Reproduce exactly the lines that run from the start of the records below to the line with "a large house", inclusive.
Content starts
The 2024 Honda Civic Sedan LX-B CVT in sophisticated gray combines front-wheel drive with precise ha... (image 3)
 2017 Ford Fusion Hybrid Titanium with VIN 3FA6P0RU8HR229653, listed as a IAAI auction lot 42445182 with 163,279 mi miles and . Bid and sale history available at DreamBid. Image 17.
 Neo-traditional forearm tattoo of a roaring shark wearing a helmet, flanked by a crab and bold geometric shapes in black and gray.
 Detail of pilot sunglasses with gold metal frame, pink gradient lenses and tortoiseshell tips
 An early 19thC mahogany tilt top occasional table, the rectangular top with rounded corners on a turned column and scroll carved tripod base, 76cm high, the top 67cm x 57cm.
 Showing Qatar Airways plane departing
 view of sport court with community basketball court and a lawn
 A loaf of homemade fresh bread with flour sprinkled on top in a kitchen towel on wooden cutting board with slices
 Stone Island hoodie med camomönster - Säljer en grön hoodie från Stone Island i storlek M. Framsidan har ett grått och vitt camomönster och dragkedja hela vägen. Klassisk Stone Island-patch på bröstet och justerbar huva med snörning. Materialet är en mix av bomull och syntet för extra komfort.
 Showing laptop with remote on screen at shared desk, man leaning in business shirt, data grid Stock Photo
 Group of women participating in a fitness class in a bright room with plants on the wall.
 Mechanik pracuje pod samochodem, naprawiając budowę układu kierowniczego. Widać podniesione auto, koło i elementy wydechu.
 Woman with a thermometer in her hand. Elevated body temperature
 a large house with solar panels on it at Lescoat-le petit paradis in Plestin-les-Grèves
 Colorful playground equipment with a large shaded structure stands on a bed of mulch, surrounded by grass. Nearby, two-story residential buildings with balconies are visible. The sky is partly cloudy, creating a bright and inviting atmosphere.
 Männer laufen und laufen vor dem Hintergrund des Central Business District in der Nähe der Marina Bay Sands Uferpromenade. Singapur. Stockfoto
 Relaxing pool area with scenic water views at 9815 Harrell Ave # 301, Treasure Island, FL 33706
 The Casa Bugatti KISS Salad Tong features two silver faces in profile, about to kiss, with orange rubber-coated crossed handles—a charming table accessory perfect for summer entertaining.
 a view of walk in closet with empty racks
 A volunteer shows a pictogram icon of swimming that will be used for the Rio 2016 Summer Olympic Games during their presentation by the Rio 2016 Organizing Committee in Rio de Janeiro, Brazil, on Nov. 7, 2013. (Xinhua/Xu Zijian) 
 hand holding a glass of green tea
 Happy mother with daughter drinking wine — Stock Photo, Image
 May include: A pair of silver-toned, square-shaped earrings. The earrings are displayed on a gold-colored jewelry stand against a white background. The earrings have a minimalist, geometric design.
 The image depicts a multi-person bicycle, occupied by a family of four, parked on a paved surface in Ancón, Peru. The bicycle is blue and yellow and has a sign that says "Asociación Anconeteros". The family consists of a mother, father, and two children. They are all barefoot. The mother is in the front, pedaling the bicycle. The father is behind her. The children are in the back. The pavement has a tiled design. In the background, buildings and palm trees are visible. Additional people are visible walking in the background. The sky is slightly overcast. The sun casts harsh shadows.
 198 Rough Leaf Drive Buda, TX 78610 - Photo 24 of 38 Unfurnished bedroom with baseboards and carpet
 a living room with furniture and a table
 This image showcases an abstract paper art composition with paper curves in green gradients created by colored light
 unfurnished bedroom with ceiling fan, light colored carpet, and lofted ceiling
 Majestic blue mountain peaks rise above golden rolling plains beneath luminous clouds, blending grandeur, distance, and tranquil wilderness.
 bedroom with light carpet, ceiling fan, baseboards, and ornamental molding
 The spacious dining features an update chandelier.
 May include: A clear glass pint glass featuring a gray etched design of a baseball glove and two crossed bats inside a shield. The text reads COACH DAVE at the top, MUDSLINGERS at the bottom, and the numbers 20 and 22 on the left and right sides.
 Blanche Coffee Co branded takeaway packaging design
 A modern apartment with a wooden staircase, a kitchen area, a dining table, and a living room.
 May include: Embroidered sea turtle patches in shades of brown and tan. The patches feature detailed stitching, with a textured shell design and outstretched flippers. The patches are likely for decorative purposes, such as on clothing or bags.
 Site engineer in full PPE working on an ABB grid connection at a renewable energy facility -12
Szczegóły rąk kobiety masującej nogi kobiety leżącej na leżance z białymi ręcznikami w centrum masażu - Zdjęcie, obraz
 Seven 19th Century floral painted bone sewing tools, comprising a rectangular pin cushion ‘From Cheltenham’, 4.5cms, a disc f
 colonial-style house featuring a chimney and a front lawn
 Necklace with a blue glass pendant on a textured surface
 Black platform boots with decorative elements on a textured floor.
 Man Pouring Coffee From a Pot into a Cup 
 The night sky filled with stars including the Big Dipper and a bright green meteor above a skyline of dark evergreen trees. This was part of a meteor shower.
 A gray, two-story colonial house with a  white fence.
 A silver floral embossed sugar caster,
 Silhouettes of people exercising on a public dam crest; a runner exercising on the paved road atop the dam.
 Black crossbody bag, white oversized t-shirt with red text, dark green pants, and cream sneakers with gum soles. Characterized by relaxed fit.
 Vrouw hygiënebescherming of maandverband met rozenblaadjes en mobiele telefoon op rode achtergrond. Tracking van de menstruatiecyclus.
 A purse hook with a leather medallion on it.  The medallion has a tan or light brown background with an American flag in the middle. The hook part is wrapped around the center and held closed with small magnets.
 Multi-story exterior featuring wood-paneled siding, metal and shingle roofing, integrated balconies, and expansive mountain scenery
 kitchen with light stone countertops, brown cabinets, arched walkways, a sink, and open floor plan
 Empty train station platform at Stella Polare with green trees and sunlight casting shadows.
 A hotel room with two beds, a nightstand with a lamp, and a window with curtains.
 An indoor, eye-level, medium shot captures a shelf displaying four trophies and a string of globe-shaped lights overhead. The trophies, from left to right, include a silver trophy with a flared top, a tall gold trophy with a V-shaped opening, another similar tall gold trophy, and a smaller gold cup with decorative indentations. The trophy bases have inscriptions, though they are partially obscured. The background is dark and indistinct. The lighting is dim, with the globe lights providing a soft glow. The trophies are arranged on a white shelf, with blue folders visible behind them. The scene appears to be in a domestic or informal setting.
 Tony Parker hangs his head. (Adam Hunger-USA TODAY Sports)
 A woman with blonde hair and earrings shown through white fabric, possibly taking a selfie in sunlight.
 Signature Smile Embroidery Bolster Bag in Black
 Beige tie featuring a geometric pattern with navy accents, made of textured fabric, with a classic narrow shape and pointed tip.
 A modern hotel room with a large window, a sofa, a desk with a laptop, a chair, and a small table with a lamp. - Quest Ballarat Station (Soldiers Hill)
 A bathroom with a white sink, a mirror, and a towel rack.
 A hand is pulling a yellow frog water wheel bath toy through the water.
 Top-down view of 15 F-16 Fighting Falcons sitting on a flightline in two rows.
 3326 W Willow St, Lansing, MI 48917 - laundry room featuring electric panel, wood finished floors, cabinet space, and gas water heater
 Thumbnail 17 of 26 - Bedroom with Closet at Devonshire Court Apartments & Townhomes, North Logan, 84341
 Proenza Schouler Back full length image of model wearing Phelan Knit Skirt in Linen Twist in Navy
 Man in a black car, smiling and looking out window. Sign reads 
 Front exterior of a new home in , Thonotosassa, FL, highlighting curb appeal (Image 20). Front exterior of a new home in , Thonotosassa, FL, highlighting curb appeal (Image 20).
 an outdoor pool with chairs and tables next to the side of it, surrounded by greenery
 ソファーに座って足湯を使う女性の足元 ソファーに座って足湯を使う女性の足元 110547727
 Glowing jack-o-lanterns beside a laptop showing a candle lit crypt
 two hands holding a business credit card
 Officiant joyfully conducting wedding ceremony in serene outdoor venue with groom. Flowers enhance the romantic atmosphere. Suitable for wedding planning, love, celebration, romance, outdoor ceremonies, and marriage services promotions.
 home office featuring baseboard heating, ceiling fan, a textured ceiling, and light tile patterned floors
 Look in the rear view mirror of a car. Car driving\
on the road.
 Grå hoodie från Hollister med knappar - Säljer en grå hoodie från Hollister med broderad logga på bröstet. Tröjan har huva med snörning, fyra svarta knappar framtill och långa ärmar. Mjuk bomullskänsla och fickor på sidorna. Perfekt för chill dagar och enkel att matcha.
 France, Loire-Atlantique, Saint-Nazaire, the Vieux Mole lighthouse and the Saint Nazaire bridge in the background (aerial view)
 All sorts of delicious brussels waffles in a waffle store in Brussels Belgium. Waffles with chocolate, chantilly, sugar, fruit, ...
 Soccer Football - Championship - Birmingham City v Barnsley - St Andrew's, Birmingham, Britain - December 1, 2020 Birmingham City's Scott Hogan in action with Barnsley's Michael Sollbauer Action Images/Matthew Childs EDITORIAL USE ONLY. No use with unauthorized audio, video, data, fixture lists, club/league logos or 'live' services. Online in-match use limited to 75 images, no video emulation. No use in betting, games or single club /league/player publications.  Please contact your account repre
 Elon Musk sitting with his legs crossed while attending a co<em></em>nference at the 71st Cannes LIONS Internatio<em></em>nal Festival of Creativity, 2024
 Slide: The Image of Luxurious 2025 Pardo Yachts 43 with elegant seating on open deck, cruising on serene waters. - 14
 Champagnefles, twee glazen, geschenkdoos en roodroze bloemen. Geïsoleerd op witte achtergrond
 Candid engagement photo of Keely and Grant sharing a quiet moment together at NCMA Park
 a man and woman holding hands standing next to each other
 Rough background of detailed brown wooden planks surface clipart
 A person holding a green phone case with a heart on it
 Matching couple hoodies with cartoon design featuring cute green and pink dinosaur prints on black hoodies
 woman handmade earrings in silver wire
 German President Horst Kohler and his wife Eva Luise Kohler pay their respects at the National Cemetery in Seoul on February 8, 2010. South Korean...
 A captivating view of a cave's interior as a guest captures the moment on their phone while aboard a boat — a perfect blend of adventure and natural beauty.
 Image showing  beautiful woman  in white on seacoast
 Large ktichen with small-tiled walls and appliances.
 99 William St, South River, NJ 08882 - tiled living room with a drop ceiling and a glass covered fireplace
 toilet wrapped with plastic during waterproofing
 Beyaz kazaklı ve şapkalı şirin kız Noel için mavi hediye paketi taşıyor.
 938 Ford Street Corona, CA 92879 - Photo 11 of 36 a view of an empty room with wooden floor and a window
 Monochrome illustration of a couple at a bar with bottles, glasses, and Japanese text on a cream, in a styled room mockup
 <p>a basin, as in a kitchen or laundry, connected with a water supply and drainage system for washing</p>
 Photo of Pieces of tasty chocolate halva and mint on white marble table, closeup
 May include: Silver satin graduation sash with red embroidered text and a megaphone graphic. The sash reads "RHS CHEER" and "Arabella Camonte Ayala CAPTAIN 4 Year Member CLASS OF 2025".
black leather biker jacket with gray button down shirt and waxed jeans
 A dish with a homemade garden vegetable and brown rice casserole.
Content ends
**SOLVED EXERCISE:**
The 2024 Honda Civic Sedan LX-B CVT in sophisticated gray combines front-wheel drive with precise ha... (image 3)
 2017 Ford Fusion Hybrid Titanium with VIN 3FA6P0RU8HR229653, listed as a IAAI auction lot 42445182 with 163,279 mi miles and . Bid and sale history available at DreamBid. Image 17.
 Neo-traditional forearm tattoo of a roaring shark wearing a helmet, flanked by a crab and bold geometric shapes in black and gray.
 Detail of pilot sunglasses with gold metal frame, pink gradient lenses and tortoiseshell tips
 An early 19thC mahogany tilt top occasional table, the rectangular top with rounded corners on a turned column and scroll carved tripod base, 76cm high, the top 67cm x 57cm.
 Showing Qatar Airways plane departing
 view of sport court with community basketball court and a lawn
 A loaf of homemade fresh bread with flour sprinkled on top in a kitchen towel on wooden cutting board with slices
 Stone Island hoodie med camomönster - Säljer en grön hoodie från Stone Island i storlek M. Framsidan har ett grått och vitt camomönster och dragkedja hela vägen. Klassisk Stone Island-patch på bröstet och justerbar huva med snörning. Materialet är en mix av bomull och syntet för extra komfort.
 Showing laptop with remote on screen at shared desk, man leaning in business shirt, data grid Stock Photo
 Group of women participating in a fitness class in a bright room with plants on the wall.
 Mechanik pracuje pod samochodem, naprawiając budowę układu kierowniczego. Widać podniesione auto, koło i elementy wydechu.
 Woman with a thermometer in her hand. Elevated body temperature
 a large house with solar panels on it at Lescoat-le petit paradis in Plestin-les-Grèves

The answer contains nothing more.